Even though I was the youngest in the class, I operated under the protection of the big fellows. You’d be surprised how much clout Marmite sandwiches could buy you in my hood. So, imagine my excitement when the biggest boy, Demetrus, fished out a redand-black HB pencil from Johannes’s bag.

“That’s my pencil!” I shrieked triumphant­ly. My best friend, Goodhope, backed me up: “Here’s the tooth marker you put on it!” And that is how it came to pass that I exacted my revenge on Johannes the Scrooge. By the time the Great Pencil Kangaroo Court of 1983 was concluded, Johannes had been exposed as a thief. Justice was done and my pencil returned.

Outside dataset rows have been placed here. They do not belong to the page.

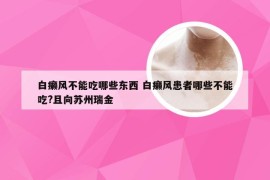 白癞风不能吃哪些东西 白癞风患者哪些不能吃?且向苏州瑞金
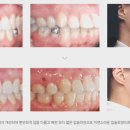 삼성스마트치과의원 이미지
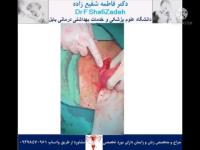 چرخش رحم 7 چرخش رحم 7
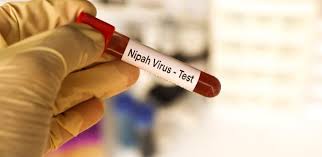 'Nipah é altamente letal, mas se espalha menos que coronavírus', diz médica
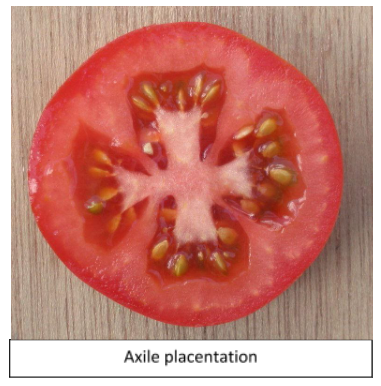 placenta placentation ovules arrangement basal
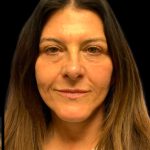 Facelift Before & After Patient #6573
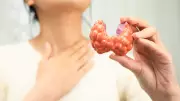 Thyroid Disease in India: No Longer Just a Middle-Aged Women's Issue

Now, if I told you that when I got home and found my red-and-black HB pencil with a tooth marker next to my rubber sling, right where I’d forgotten it that morning, you might forgive me for an “honest mistake”. However, if I tell you that I took the evidence and hid it away with my Scope magazines, you’ll probably judge me quite harshly. And I deserve it.

If you think the point of this column is to point out the dangers of jumping to conclusion­s, you would be wrong. If you think it’s about honest mistakes escalating out of hand, you would be way off. And if you think it’s a way for me to seek some catharsis by fessing up to the evil inside my dark heart, then you do not know me at all. The moral of this column is: if someone asks for a piece of your vetkoek, it’s probably prudent to give them a bigger piece.